I moved to this town a year and a half ago, and was soon trying to spread the word about what I do, what I can offer, what I'd like to share in the form of teaching or speaking. I proposed textile talks in different settings, without getting much response. Finally I wandered into Maestrale, an import store, and happened to meet the owner. In asking her about some Hmong batik cloth, I found out she is a real textile enthusiast, with a weaving and dyeing background herself, and a strong interest in traditional techniques and cultural context. "We need to talk," I told her. That was last September.
And so it happened that I'm giving a series of textile talks, with slides and collected pieces, at Maestrale this winter. The first one happened on February 1st. The topic was Indian bandhani dyeing and embroidery from Kutch, Gujarat.
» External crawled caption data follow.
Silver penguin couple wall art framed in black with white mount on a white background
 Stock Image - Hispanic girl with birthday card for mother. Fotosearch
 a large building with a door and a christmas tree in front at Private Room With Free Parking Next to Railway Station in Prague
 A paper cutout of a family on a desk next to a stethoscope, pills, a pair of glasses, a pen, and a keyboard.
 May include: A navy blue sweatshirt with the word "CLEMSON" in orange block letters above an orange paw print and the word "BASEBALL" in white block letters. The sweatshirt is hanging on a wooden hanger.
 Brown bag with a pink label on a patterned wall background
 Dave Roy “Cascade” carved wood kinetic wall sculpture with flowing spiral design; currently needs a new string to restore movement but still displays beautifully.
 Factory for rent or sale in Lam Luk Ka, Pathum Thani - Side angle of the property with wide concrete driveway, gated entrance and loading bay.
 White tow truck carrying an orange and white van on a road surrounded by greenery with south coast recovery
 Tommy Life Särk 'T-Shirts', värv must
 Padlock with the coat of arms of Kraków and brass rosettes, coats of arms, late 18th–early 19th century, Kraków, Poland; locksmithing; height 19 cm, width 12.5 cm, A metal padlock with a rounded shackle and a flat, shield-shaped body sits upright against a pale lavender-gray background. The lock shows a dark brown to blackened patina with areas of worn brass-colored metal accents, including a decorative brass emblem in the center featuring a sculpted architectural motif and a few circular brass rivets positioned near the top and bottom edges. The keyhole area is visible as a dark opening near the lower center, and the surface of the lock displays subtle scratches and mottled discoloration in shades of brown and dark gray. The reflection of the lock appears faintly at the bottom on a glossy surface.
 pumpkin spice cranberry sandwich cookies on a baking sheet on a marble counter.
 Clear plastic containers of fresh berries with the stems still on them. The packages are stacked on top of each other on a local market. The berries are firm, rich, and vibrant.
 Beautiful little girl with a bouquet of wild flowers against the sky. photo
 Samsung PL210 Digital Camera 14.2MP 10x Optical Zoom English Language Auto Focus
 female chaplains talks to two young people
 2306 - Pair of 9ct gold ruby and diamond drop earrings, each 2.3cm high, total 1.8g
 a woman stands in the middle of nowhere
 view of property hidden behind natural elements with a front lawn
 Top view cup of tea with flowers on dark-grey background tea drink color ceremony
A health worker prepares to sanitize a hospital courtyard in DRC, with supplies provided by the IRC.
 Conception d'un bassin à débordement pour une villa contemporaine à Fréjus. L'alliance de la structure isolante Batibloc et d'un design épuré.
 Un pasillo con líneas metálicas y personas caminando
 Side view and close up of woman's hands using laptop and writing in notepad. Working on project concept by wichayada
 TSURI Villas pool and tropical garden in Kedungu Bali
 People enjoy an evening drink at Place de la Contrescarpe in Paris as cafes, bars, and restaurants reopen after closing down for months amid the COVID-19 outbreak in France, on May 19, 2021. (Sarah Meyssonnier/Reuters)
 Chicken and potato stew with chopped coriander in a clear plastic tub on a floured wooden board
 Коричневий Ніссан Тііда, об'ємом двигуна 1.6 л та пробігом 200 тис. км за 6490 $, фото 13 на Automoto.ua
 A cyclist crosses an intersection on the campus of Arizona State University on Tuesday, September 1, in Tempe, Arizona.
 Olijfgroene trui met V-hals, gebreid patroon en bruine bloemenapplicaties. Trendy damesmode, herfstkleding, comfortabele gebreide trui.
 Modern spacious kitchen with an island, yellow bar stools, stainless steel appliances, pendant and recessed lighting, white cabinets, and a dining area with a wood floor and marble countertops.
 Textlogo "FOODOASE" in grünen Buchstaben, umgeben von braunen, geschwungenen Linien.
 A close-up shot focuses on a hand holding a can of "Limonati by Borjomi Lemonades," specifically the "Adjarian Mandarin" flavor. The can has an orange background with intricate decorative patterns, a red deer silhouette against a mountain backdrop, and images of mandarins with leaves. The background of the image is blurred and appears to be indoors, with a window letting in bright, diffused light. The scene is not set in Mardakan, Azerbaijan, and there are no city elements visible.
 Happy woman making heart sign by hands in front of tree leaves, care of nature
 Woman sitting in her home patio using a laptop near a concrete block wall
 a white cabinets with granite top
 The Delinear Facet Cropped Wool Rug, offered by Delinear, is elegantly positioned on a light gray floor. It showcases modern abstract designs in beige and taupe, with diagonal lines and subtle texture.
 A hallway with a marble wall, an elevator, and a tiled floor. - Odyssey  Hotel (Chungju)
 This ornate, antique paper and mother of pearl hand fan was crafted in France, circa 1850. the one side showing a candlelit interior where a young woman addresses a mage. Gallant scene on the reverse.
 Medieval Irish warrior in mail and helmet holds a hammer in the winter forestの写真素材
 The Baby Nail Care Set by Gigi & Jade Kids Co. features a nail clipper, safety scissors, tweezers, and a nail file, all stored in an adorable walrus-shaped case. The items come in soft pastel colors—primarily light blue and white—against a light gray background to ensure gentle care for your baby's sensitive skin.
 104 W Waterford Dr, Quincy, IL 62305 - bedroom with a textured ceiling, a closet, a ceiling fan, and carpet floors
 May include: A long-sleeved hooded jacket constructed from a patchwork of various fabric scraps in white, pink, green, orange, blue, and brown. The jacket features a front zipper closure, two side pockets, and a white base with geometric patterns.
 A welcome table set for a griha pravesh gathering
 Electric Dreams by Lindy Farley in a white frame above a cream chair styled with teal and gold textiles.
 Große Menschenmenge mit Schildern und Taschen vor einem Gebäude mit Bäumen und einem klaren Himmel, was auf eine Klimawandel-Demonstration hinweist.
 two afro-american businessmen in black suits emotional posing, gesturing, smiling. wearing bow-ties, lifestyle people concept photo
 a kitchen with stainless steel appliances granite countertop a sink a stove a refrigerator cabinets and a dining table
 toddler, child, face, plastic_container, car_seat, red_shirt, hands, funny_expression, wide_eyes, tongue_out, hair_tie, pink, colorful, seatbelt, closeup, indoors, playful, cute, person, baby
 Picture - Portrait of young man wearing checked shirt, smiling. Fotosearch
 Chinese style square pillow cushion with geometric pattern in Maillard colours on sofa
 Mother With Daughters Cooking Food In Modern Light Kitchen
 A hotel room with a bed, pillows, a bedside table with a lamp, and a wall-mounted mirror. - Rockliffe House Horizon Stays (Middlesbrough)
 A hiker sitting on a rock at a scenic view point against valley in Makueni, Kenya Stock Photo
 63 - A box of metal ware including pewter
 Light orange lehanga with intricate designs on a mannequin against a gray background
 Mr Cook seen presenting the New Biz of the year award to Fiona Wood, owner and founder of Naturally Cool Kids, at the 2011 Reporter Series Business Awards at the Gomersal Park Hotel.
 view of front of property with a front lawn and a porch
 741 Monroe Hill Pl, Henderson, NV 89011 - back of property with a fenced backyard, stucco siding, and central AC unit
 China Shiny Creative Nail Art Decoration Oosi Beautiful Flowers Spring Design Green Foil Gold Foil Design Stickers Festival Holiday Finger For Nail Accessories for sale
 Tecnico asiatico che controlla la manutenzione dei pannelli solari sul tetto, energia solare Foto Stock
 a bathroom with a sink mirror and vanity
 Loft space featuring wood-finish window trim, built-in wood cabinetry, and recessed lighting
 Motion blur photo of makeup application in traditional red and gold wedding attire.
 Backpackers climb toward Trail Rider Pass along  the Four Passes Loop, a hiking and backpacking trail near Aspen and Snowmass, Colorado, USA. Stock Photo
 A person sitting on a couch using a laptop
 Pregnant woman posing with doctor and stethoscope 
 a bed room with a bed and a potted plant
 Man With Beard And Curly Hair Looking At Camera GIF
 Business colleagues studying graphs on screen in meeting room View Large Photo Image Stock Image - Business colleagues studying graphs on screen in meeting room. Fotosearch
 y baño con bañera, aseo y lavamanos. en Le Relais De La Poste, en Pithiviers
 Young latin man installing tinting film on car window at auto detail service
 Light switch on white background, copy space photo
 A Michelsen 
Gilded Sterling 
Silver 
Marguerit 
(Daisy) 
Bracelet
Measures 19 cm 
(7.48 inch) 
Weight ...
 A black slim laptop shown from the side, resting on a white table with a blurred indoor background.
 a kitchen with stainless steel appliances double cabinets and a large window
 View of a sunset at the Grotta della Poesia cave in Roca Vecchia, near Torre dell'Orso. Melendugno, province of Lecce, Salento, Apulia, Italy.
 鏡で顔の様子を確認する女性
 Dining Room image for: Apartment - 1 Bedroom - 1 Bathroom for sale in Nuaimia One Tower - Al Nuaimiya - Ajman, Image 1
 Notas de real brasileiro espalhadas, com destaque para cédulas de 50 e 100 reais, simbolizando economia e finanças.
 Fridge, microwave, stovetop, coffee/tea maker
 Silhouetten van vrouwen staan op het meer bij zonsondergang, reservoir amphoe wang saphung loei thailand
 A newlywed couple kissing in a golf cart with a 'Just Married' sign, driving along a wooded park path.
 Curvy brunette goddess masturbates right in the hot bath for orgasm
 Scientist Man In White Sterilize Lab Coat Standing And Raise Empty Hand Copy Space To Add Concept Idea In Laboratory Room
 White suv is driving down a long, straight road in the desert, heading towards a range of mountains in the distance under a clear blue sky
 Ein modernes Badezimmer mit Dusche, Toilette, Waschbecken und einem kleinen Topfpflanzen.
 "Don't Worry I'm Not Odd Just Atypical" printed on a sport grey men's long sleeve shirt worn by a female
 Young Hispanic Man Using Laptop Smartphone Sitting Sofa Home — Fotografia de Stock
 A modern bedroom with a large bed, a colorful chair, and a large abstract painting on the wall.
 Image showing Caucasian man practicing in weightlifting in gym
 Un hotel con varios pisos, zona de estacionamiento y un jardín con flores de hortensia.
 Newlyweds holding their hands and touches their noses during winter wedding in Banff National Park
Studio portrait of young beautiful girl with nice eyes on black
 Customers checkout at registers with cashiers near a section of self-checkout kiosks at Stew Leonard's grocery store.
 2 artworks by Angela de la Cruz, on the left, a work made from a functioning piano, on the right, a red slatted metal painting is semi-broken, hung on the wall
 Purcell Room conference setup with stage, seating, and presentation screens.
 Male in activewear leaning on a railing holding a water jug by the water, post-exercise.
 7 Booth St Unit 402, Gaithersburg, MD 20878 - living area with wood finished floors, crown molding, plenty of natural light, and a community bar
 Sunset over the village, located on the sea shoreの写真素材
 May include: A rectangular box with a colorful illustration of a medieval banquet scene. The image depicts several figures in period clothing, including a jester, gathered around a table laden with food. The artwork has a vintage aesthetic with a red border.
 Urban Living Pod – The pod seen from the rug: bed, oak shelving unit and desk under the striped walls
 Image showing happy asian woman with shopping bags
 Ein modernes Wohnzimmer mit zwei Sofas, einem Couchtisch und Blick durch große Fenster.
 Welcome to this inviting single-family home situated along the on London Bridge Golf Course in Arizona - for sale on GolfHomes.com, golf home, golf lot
The wonderful thing is that these images, scanned from printed photos and slides, were taken on my very first trip to India in 1994-5. The pieces I shared were also collected at that time. And this is what I meant by "some things take time." I headed to Mandvi, in Kutch, in 1995, to observe and document bandhani dyers for a day, hanging out in their workshop, being fed an amazing and spicy lunch, taking loads of photos and buying finished pieces. My goal was to write it up, or share the information somehow, and I never have until now. That first little foray into textile research lay dormant for over 20 years. Long enough for me to lose track of any notes I took (I was less organized then, and didn't have everything on a laptop and backup hard drive, of course.) But the images can still tell the story, and the technique still fascinates, and it was extremely gratifying to present this information to the group of women who came to Maestrale full of interest.
The fun continues this week, with Lao weaving. Here's the flyer for my whole series this winter - I hope it's legible. I'm really enjoying digging through my textile collection and all my images to create these presentations, and it's wonderful to meet my fellow textile enthusiasts around here.